Pasco district, union officials seek to clarify furlough repayment concerns
The Pasco school district and the United School Employees of Pasco have been inundated with calls and questions since Tuesday's announcement that employees would be reimbursed for one unpaid furlough day, but only if they ratify their pending 2011-12 contract.
A top query: If the contract isn't ratified, wouldn't everyone get repaid for the two furlough days rather than one? After all, the unpaid days were part of the tentative agreement as much as the Memorandum of Understanding to repay everyone if more money was found.
District and USEP officials are trying to explain that it's not that simple.
If the contract fails, the entire package -- furlough days, health insurance benefits, evaluation terms included -- would go back to the bargaining table. The furlough days might not get renegotiated, but in order to keep spending cuts intact, other items such as lower insurance premiums also might not come back. Things like pay cuts, currently under consideration in other districts such as Monroe, might arise in the conversations to keep the budget balanced, too.

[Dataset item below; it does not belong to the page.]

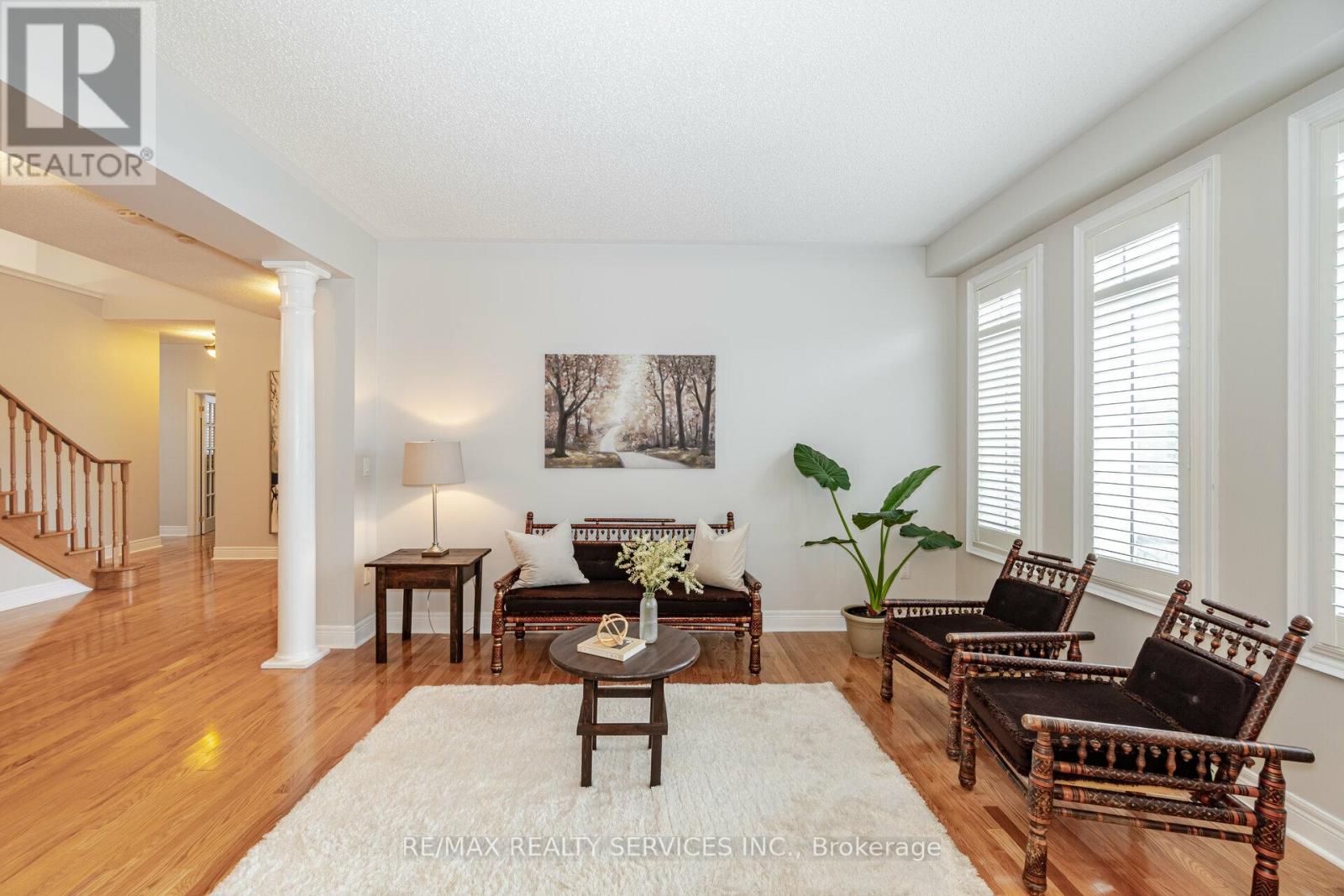 Property at 32 RADIAL STREET image 5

The district also could argue that because the employees did not work the two furlough days, they are not entitled to repayment regardless. But if the contract is approved and more money found, if the district did not make repayment, teachers could file a grievance under terms of the contract that wouldn't exist if ratification fails.

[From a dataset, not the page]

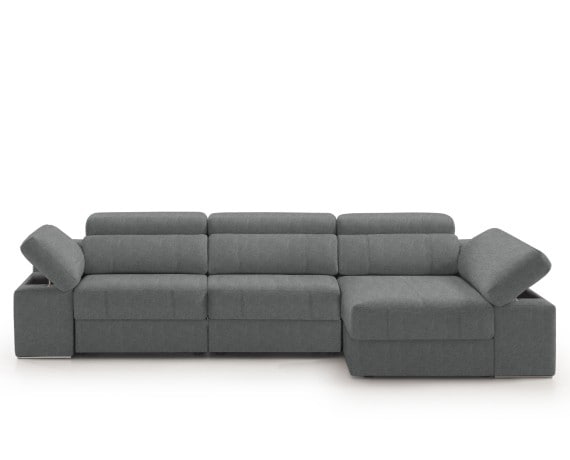 product-image-5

The USEP sent out the following memo to try to clarify the situation, as talk mounts against contract ratification. We'll keep following this situation as it unfolds.
Memo from the USEP, sent 5/9/2012
Why does the Contract Need to Be Ratified to Repay the Furlough Day?
The basic answer is that right now it’s a tentative agreement that cannot be enforced or made part of the contract until it is ratified.
The tentative agreement reached back in August included language to deduct two furlough days with the possibility of repayment if additional savings were realized. It also included having the School Board pick up the additional health insurance costs, refingerprinting fees, and maintain dependent insurance premiums at last year’s rates. Here’s the kicker: it’s a tentative agreement until it is ratified and incorporated into the master contract.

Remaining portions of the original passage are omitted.